▶ [PROMPT] Please, without any pictures, set down exactly the part of the listing below that opens with the line containing "Usado VW T-Roc" and closes with the line containing "FW-BN: Wohnwagenbrand drohte".

▶ [INPUT MATERIAL]

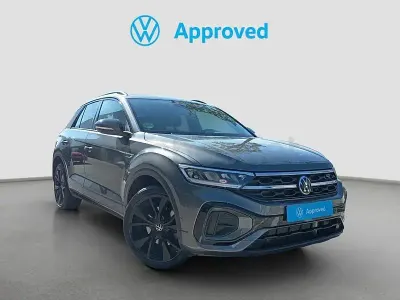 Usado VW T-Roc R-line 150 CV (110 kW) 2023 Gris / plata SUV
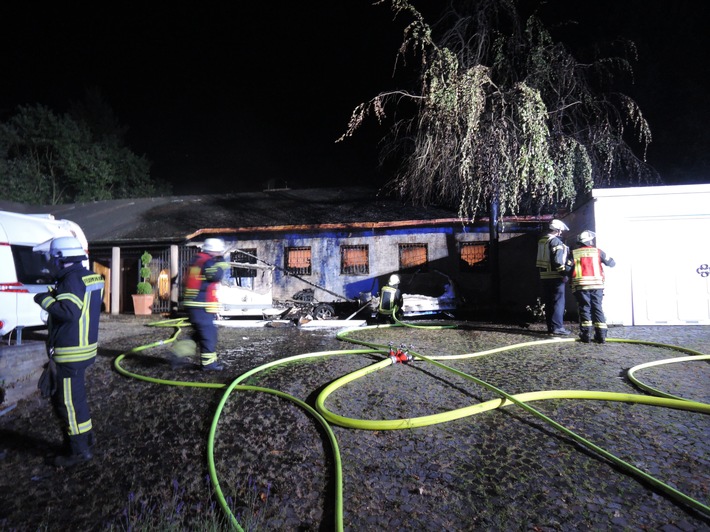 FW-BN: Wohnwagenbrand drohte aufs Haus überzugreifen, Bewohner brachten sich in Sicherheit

--

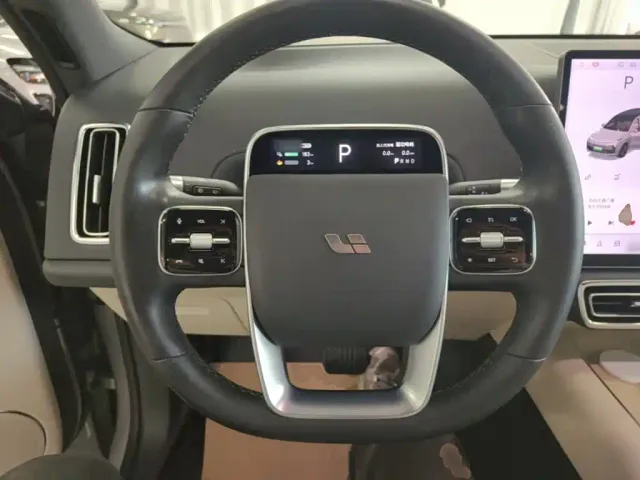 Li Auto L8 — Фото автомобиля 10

...

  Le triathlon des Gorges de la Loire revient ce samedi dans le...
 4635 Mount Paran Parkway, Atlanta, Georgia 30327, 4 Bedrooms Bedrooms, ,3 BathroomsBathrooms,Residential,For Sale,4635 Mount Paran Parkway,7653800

▶ [FINISHED TASK]
 Usado VW T-Roc R-line 150 CV (110 kW) 2023 Gris / plata SUV
 FW-BN: Wohnwagenbrand drohte aufs Haus überzugreifen, Bewohner brachten sich in Sicherheit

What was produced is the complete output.